Chr Lorenzen P, Schieber A, Brückner H, Schlimme E
Institut für Chemie und Physik der Bundesanstalt für Milchforschung, Kiel, Deutschland.
Nahrung. 1996 Feb;40(1):7-11. doi: 10.1002/food.19960400103.
Characterization of pancreatic casein plasteins. In the course of the plastein reaction hydrophobic peptides concentrate mainly in the aggregates (plasteins), whilst hydrophilic peptides remain in solution (supernatant).
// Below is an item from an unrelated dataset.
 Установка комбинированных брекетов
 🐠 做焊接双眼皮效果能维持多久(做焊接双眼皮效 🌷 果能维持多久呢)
Liquid chromatographic and sequence analytical studies of pancreatic casein plasteins have shown that the aggregates consist mainly of the free amino acids tyrosine, phenylalanine and tryptophan. Plasteins contain, in addition, short-chain peptides, particularly from the C-terminal of beta-casein. Characterization of the functional properties of the plasteins has shown clearly that aggregation of the short-chain peptides and free amino acids is brought by non-covalent, hydrophobic and ionogenic interactions. In the supernatants resulting from the plastein reaction caseinophosphopeptide sequences, in particular from alpha s-casein, were determined.
胰酪蛋白塑解蛋白的特性。在塑解蛋白反应过程中,疏水性肽主要集中在聚集体(塑解蛋白)中,而亲水性肽则保留在溶液(上清液)中。对胰酪蛋白塑解蛋白的液相色谱和序列分析研究表明,聚集体主要由游离氨基酸酪氨酸、苯丙氨酸和色氨酸组成。此外,塑解蛋白还含有短链肽,特别是来自β-酪蛋白C末端的短链肽。对塑解蛋白功能特性的表征清楚地表明,短链肽和游离氨基酸的聚集是由非共价、疏水和离子相互作用引起的。在塑解蛋白反应产生的上清液中,测定了酪蛋白磷酸肽序列,特别是来自αs-酪蛋白的序列。